Vielen Dank, Herr Kollege Oetjen. - Da weitere Wortmeldungen aus den Reihen der Fraktionen gerade in dieser Sekunde eingetroffen sind, hat nun für die Fraktion Bündnis 90/Die Grünen Frau Kollegin Janssen-Kucz das Wort. Bitte!
Frau Präsidentin! Meine Damen und Herren! Herr Höntsch hat es schon einmal dargestellt: Wir haben vor einem Jahr gemeinsam für die Befristung der Neufassung des Niedersächsischen Gesetzes über die öffentliche Sicherheit und Ordnung hier gestimmt. Damals haben wir gesagt: Wir gehen davon aus, dass wir bis dahin ein neues Verfassungsschutzgesetz und auch ein neues Gefahrenabwehrgesetz haben werden. Im Rahmen dieser Gesetzgebungsverfahren wollten wir auch die Evaluierung vornehmen.
Wie Sie alle wissen, sind wir nicht so weit. Sie wissen aber auch, dass wir vor anderen Herausforderungen im innenpolitischen Bereich standen und stehen. Aber die Novellierung steht an, und auch die Evaluierung wird stattfinden. Aber es ist einfach Fakt - dem sollten auch Sie sich nicht verweigern, liebe FDP -: Wir benötigen eine Ermächtigungsgrundlage für Polizei und Verfassungsschutz, um weiterhin Bestandsdaten der Telekommunikationsunternehmen abfragen zu können.
Ich gehe ein bisschen auf die Zahlen ein. Die Polizei hat davon sehr zurückhaltend Gebrauch gemacht, nämlich 113-mal seit dem Inkrafttreten 2013 bis zum 1. Januar 2016. Auf der Basis dieser Auskünfte konnten Personenaufenthaltsorte ermittelt, Gefahrenanzeigen konkretisiert sowie Gefahrenorte und -quellen festgehalten werden.
Der Verfassungsschutz hat im Zeitraum vom 1. Januar 2014 bis zum 31. Dezember 2015 - also in genau zwei Jahren - die Befugnis zur Bestandsdatenauskunft ca. 640-mal genutzt.
Jetzt muss ich Sie leider unterbrechen, Frau Kollegin, weil Herr Kollege Oetjen schon vor längerer Zeit darum gebeten hat, eine Frage stellen zu dürfen. Lassen Sie die Frage zu?

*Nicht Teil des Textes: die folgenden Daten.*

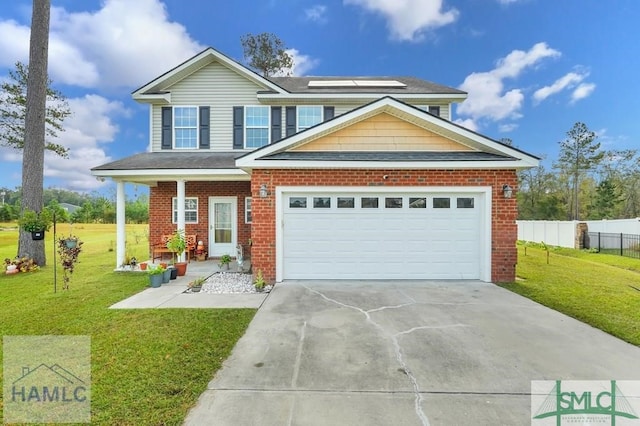 view of front of property featuring a front yard and a garage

Frau Präsidentin! Frau Kollegin, wenn Sie an dieser Stelle zu Recht sagen, dass Sie noch nicht so weit sind, dann sage ich Ihnen: Lassen Sie sich Zeit mit dem neuen Gefahrenabwehrgesetz und dem neuen Verfassungsschutzgesetz! - Warum machen Sie nicht das, was Sie beim letzten Mal getan haben, als Sie die Frist einfach um ein Jahr verlängert haben, damit wir in den zuständigen Ausschüssen darüber fachlich weiterberaten können? Warum entscheiden Sie sich jetzt dafür, diese Regelungen zu entfristen, die Frist also komplett fallenzulassen, ohne dass die Evaluierung stattgefunden hat, wie Sie gerade gesagt haben?
Herr Kollege Oetjen, wir machen es diesmal unbefristet, weil wir uns sicher sind, dass wir bis zum nächsten Sommer ein neues Gefahrenabwehrgesetz und im Laufe dieses Jahres ein neues Verfassungsschutzgesetz haben werden. In diesem Kontext werden wir das ausreichend beraten, und Sie können sich ausreichend einbringen.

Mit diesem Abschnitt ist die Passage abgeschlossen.